Fugir para o desconhecido, para um Portugal onde a maior parte nunca estivera, seria sempre uma decisão difícil. O livro Deixar África, de Alexandra Marques, de que fazemos a pré-publicação, ajuda a perceber a estanha opção de deixar tudo para trás: roubos, raptos, "mulheres que procuravam os maridos, mães que não sabiam dos filhos", prisões arbitrárias, insegurança, violações, e também os abusos de quem e, posição de poder, entre o que restava das autoridades coloniais, espoliava mais um pouco, de dignidade ou de bens.
Fazemos também uma entrevista à autora e publicamos um ensaio do historiador António Araújo sobre um dos episódios mais traumáticos da história recente portuguesa e a memória que dele fica.
Mergulhar em papéis
Há dois anos que o jornalista Marco Alves e a SÁBADO colecionam queixas na Comissão de Acesso a Documentos Administrativos e nos tribunais para conseguir aceder a faturas de despesas de autarcas, ministros e secretários de Estado, bem como elementos dos seus gabinetes. São mais de vinte processos em tribunal e quarenta queixas na CADA, uma odisseia de burocracia contra a opacidade e a resistência da classe política dirigente em prestar contas sobre como gastam o dinheiro público – e um escrutínio que é comum lá fora. Um artigo para ler nas páginas 46-49, numa altura em que as novas exigências que a Entidade para a Transparência pede aos jornalistas para consultarem as declarações de rendimentos dos políticos foram criticadas.
Rir é o melhor remédio
Mariana Cabral – provavelmente não a conhece assim, mas por Bumba na Fofinha – tem um novo espetáculo, Sombra, e sentou-se com o jornalista Tiago Neto no Centro Cultural de Belém, em Lisboa, para falar sobre a vida pós e pré-maternidade, o percurso e as dores de discutir o seu próprio trabalho.
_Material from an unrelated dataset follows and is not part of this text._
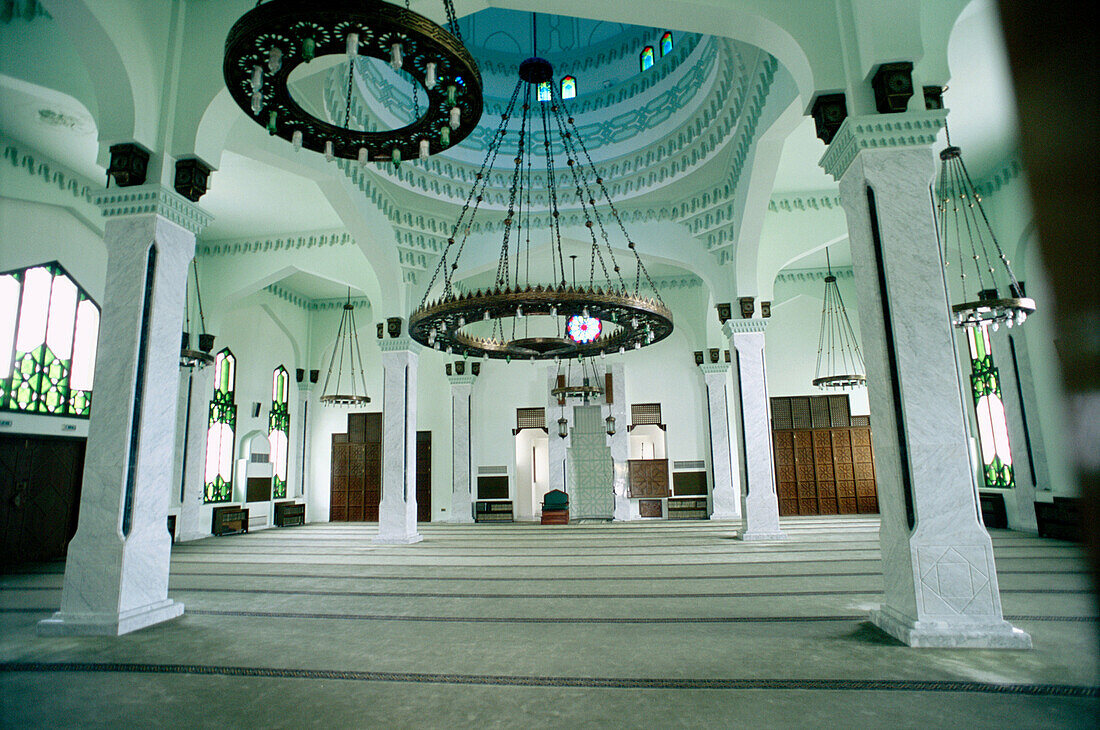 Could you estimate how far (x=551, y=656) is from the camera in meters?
3.34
Mudou-se a disposição da esplanada para as fotos – à revelia, é certo, ainda que tudo tenha voltado ao lugar – e aguardou-se a passagem de vários comboios da Linha de Cascais. Não contabilizadas estão as constantes gargalhadas do entrevistador ao longo de toda a conversa. Nem sempre custa ser jornalista.
Caminhar, sem chocar
A caminhada com Soraia Tavares decorreu no pico do calor de uma quarta-feira (dia 21), às 15h30, no parque do Jamor (Oeiras). A atriz faz mesmo caminhadas, não foi só para acompanhar a SÁBADO, e é aí que se inspira para escrever letras de músicas e decorar guiões para peças. Já lhe aconteceu chocar contra postes e árvores, mas na caminhada com a SÁBADO quem chocou foi a jornalista, com outro caminhante. Felizmente, ninguém se magoou.
Aproveitar os alimentos
Prefira produtos da época e não descarte os congelados. Saiba o que escolher quando vai às compras. E ainda: bullying na cozinha; realeza em Lisboa; e o que estão a fazer os ex-candidatos presidenciais?
O adeus a Lobo Antunes
A fotografia enviada pela ex-mulher “para lembrar o António mais novo e sem barriga”, o terapeuta-robot que diz “pensar” em nós, e o telefonema da SÁBADO que um turista preso no Dubai pensou conseguir trazê-lo de volta a casa
Tratar as doenças crónicas
Em breve haverá novos medicamentos para doenças hepáticas, cardiovasculares e renais. E ainda: a escola que funciona no hospital D. Estefânia; entrevista com o ex-futebolista Kenedy
O perigo das burlas online
Como sobreviver às fraudes digitais (os esquemas são cada vez mais engenhosos). E ainda: miúdo vítima de bullying ficou sem as pontas dos dedos; três dias ao telefone com a fadista Sara Correia.
Combater a ansiedade
Afeta um terço dos portugueses e milhões em todo o mundo, agravando-se em situações de calamidade. E ainda: as teorias da conspiração; o percalço que (não) afetou a reportagem sobre a reconstrução de casas destruídas pelos temporais
Edições do Dia
Boas leituras!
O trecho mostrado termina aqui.